I tried my best. I couldn’t have possibly done anything else and now, the way the cards are played out is out of my control. I had a good time, I liked him, I brought him the best version of myself available and I didn’t pretend anything was otherwise. I followed the fear and ended up being not so afraid. That’s enough. That’s more than enough, that’s a hot damn giant piece of Something.
I did get my teeth cleaned and got a good report – yes, you can see that I am the apotheosis of modern literature in this piece – four months until I go back rather than three. Things are mild, not severe. The hygienist is getting married and the last thing in the world she wants to do is go have her “test” makeup done, but her friend insists, so maybe after four glasses of wine it’ll be amazing! Rgghhg, I gargled in apparent sympathy, rrrghnnynn. I didn’t mind her, talking away over my head, it was quick.

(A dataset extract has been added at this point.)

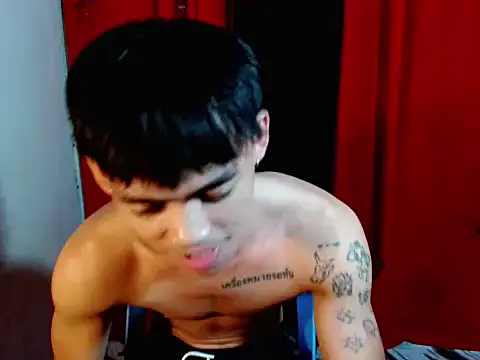 urhunky boy online show from May 3, 7:47 am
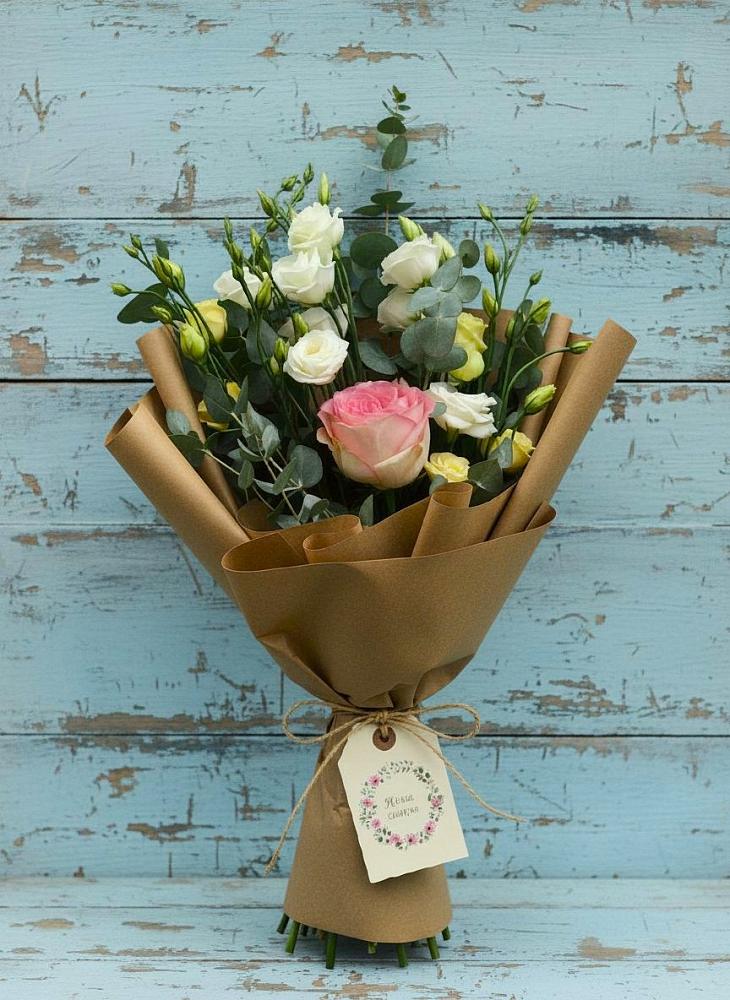 Букет цветов из: Розы и Лизиантусы в Александровке Наро-Фоминск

What is more notable is that after several days of non-driving, not needing to, and having the usual flutter of misgivings. Not that I couldn’t do it, just that the panic would be unbearable. And it’s never UNbearable, it’s just really unpleasant, it really encourages avoidance. I figured out my route, took my time, pulled over once or twice on this road where I’ve had bad attacks before, where I’ve gone to 8 or nine on my scale of get me the fuck out of this car right now I will crash it I will kill I will…, sat in a church parking lot that looks over a stretch of highway (parallel, but not crossing the little road I meant to take) and glanced at Amanda Palmer’s recent blog post. Her friend who I read about in her book The Art of Asking passed away this weekend. I felt the instant, unbidden recognition of empathetic response. To be so alive to know such loss. I looked up into the bright sun and saw a rabbit scuttling along the hot cement next to the church. It’s okay, I thought, it’s okay. And panicked my way down the road to the turn which made it fine again and it was fine all the rest of the way there and home.